Agents were the sent in haste to Hindostan, to Chine, to Ireland, and to all countries of
continental Europe, and a force of several thousand men was gathered together and taken to
the Isthmus. Of these a thousand were Chinese coolies, of whom great things were
expected, but some few of their number having died of fever, the rest were seized with
nostalgic melancholia and developed a suicidal mania, and scores of them took their own
lives. In the end scarcely 200 Chinese left the Isthmus alive. The other
workers also fell victims to sickness, and many of them had to be reshipped to the points
whence they came. Despite all difficulties, however, a massive timber bridge was
eventually thrown successfully across the river at Barbacoas.
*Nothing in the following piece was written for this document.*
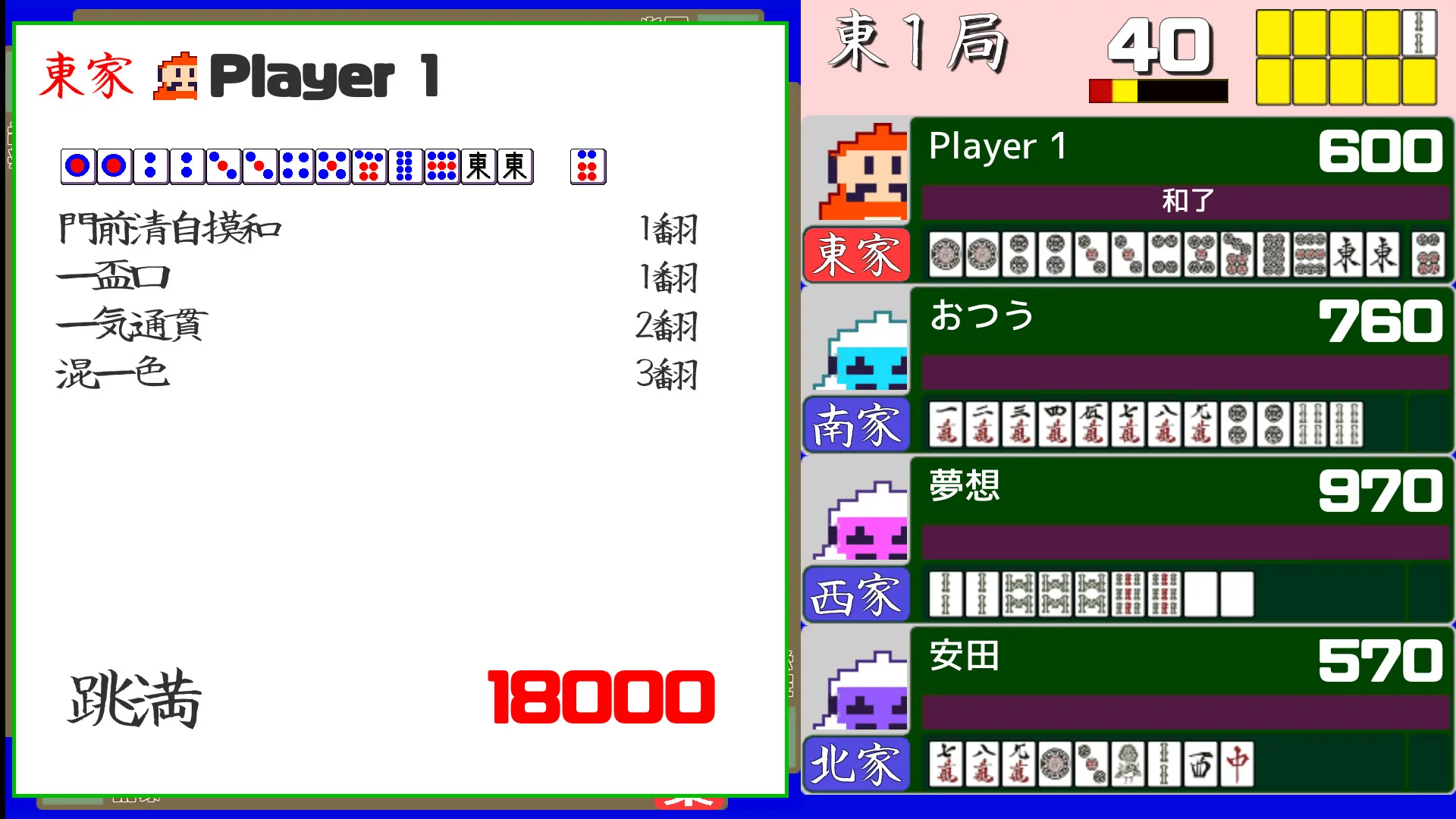 Изображение игры: ４人打ちアクション麻雀 / ACTION MAHJONG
By January, 1855, the crest of the divide at Culebra, a distance of thirty-seven miles
from Colon, was reached. Here the workers rested, and awaited the coming of their
collaborators from Panama, who were pushing their eleven-mile section up the valley of the
Rio Grande. On that side the engineering difficulties had not been so great, the
route did not lie through swamps, and the workmen were less liable to fatal sicknesses.
At midnight on January 27, 1855, in the midst of a torrent of rain, the last rail
was laid, and the two ends of the road were connected. The next day a locomotive
passed from sea to sea. It was a great engineering triumph and a great testimony to
the push, energy, and faith of its originators. The summit grade was 258 feet above
the sea-level. The entire length of the road was forty-seven and three-quarter
miles, and it had required the construction of 170 bridges and culverts, one of the
bridges being more than 600 feet in length.
Although the railroad was open, the company's work was by no means completed. For
the great traffic expected, preparations had to be made, including additional tracks at
each terminus, needed side-tracks at different points, and passenger and freight depots.
Owing to the haste to get the road constructed through to Panama, much of the work
had been temporary in character, especially bridges, culverts, and trestles. The
trestles were converted into solid embankments; the wooden bridges were replaced with
iron; the ties of native wood, which were already rapidly decaying, were removed and
replaced with ties of lignum-vitae brought from Cartagena. This wood was so hard
that it had be bored before the spikes could be driven in, and so durable that, when taken
up in 1910, because of the relocation of the line, the ties were found to be still
unrotted. In addition to all this work, both of the new and the replacement order,
additional engines and cars had to be provided.